I should add, it’s also often a decent leap prior to the resulting tool being useful for anything other than the very specific business case for which it’s been designed. I’ve been approached twice in the last year by people who had built fairly well accomplished spreadseheets for managing organisations (one a community organisation, one a small business) who wanted to take their idea (codified as a spreadsheet) and turn it into a SaaS platform - providing their own tool as custom software, but with enough flexibility for other organisations to use it, and in doing so make the originators some money. In both cases however I had to point out that the flexibility of the spreadsheet system that would, for example, allow them to easily pivot their spreadsheets would add a magnitude of complexity to a software build - enough to put the cost way beyond the casual “make a bit of extra money on the side” and into the “this is now what we do full time” sphere.

Bridging the Gap

I wrote this article because of thinking about these various cases - of people wanting to turn their clever spreadsheets into a business (and my assessment that it would’t work), of people running businesses on them (and my painful attempts to move them off) and of conversations on social media about the position of developers in businesses of the future.

In some avenues of technology we have seen dramatic shifts away from once widespread professions - the role of a sysadmin used to mean thousands of people managing thousands of servers, but cloud systems, virtualisation, improved fault tolerance has reduced this to tens of people managing thousands of servers.

Will we see the same pattern as improved general purpose tools allow more non-developers to link software platforms together, or will the role of developers just move away even more from the low level of does this value compare with this value and become about managing the irreducible logic problems of handling what that system says versus what this system says.

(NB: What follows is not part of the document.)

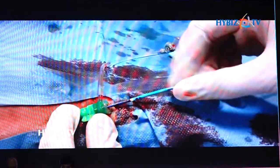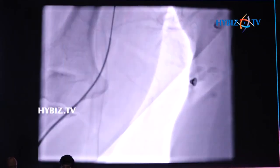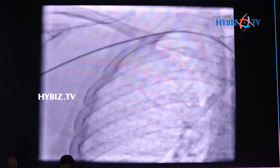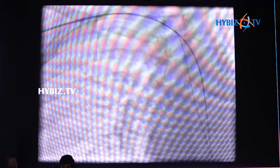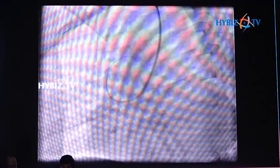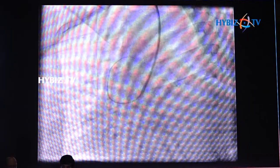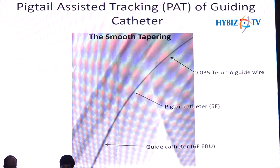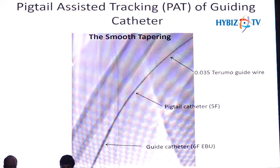This assembly went inside very easily. This was the real-time crossing of the radial loop using the pigtail and guide catheter assembly. It was negotiated easily through the subclavian artery and finally into the ascending aorta. The wire and pigtail were then taken out, and the angioplasty was completed.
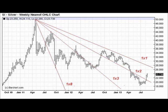Gann lines, levels of support, levels of resistance using square root mathematics — a very potent combination. It's a technique that will allow you to view a stock or a commodity in a very unique light.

From where I am standing (with the heavy bias of being a professional software developer) I can see enough blockers to writing software becoming an “everyone” thing that I feel this profession can still support more newcomers as well as evolve for those already in it. At the same time general purpose tools likely need to learn some keys to maintainability from the software world - version control, automated testing, code review - this might allow more entry level technical tasks to be more broadly accomplished without sacrificing reliability.

Who really knows, but it will be interesting to see if or when the Spreadsheet Gap gets bridged.

Adendum

10th March 2021

After writing this article I had a discussion with someone whose own particular route to bridging the Spreadsheet Gap was currently hovering around Wordpress, the PHP-based Content Management System. Originally conceived as a blogging tool, Wordpress modified its internal data structure to allow users to specify an effectively unlimited number of different data storage types in a single application. Through both visual user interfaces and custom plugins Wordpress can therefore be stretched beyond a blog platform. Similar CMS systems such as Drupal offer even more flexibility.

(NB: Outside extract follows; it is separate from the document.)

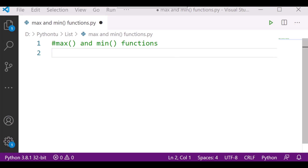Today let's learn max and minimum functions in Python. The Python max function is used to find the greatest or largest value in a list of values, and the Python minimum function is used to find the lowest value in a list. Both are built-in functions and only take one value — a variable that holds a list or string.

Despite this flexibility I tend to find CMS-based applications can too often end up on both sides of the Spreadsheet Gap, whilst lacking the helpful bridge in between. Without a developer on-hand they are often still difficult to hammer into doing exactly what you need, stacking plugins on plugins and hoping everything is compatible. With a developer on hand they can be developed to do far more but can still become unmanageable, as the developer will often themselves be trying to stitch plugins together to avoid doing a lot of actual development.

I am sure there are examples that prove me wrong, and with the right team of software developers a decent CMS or framework can do a lot of heavy lifting, but they still require specific expertise rather than a generalised skillset.